▸ **Problem**: All the entries need to be duplicated exactly, with the pictures omitted.

Start of Block

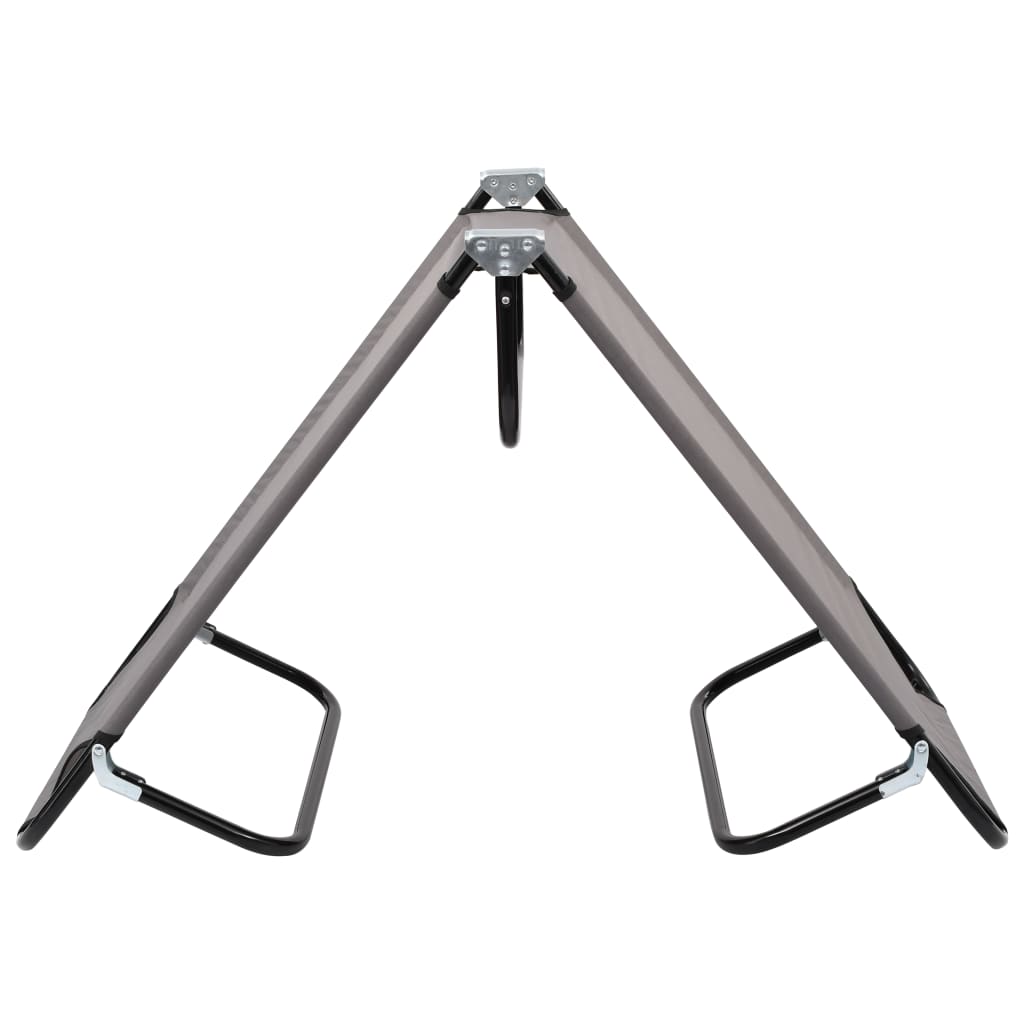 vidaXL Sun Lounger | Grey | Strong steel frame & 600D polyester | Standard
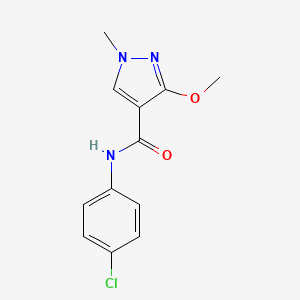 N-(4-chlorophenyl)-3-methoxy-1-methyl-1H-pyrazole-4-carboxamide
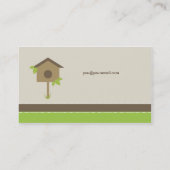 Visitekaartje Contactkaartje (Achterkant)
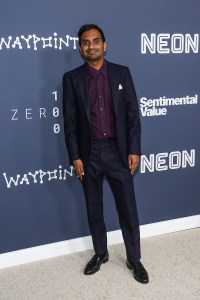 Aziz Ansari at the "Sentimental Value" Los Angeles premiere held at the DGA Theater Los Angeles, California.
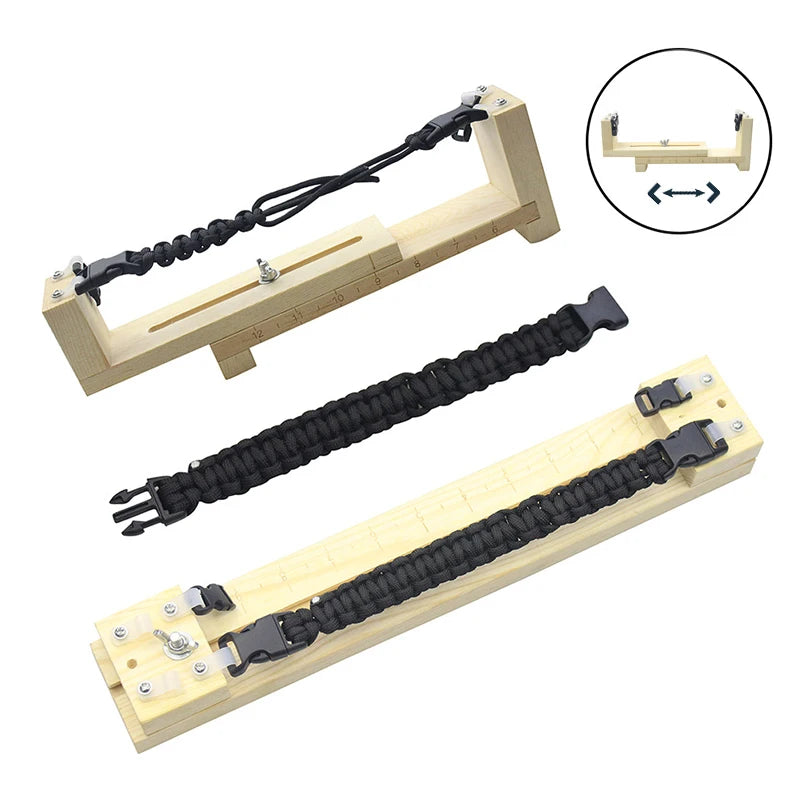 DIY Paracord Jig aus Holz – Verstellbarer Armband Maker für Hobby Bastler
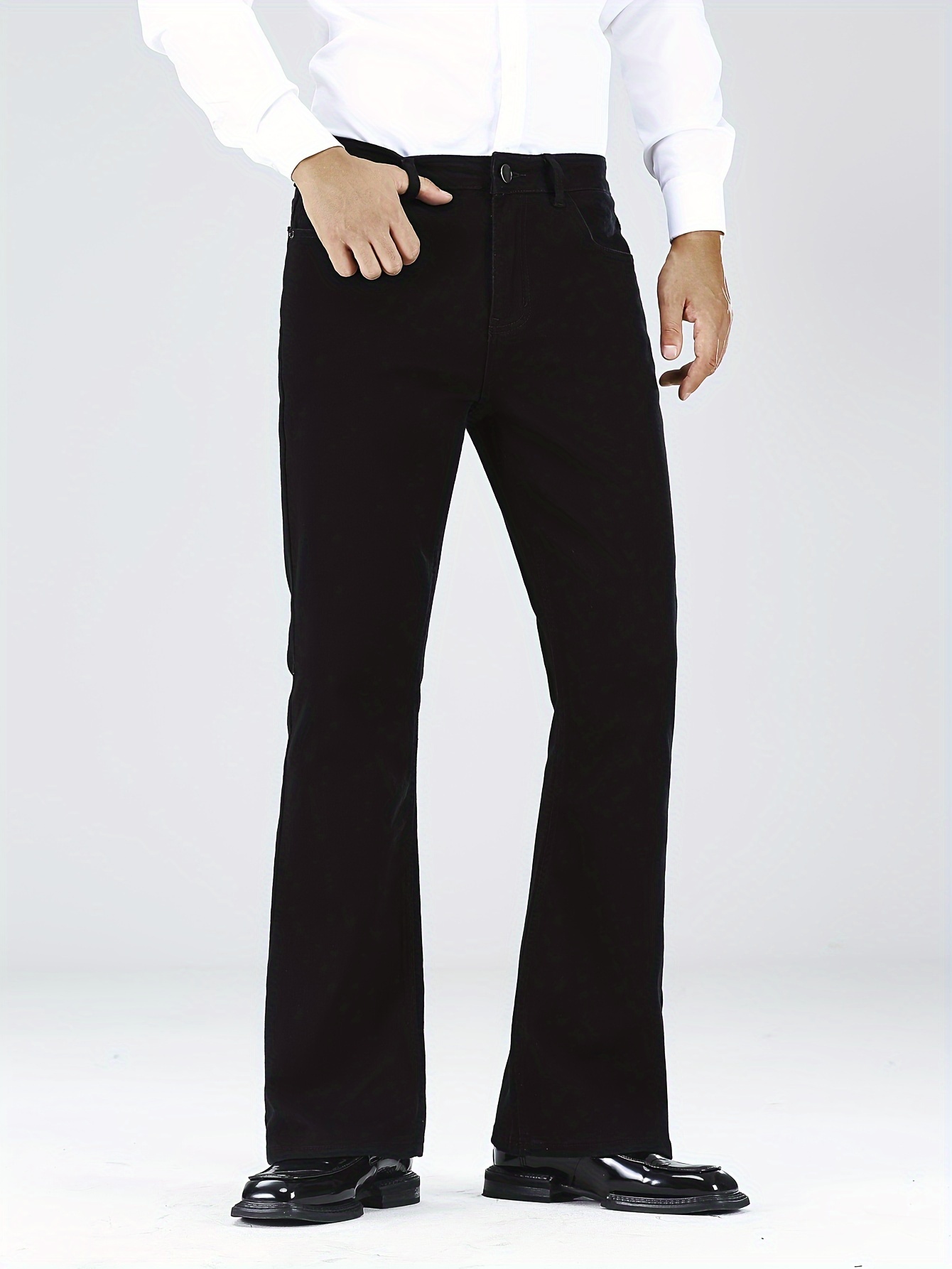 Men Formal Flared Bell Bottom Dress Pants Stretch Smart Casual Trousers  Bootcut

End of Block

▸ **Response to the task**:
 vidaXL Sun Lounger | Grey | Strong steel frame & 600D polyester | Standard
 N-(4-chlorophenyl)-3-methoxy-1-methyl-1H-pyrazole-4-carboxamide
 Visitekaartje Contactkaartje (Achterkant)
 Aziz Ansari at the "Sentimental Value" Los Angeles premiere held at the DGA Theater Los Angeles, California.
 DIY Paracord Jig aus Holz – Verstellbarer Armband Maker für Hobby Bastler
 Men Formal Flared Bell Bottom Dress Pants Stretch Smart Casual Trousers  Bootcut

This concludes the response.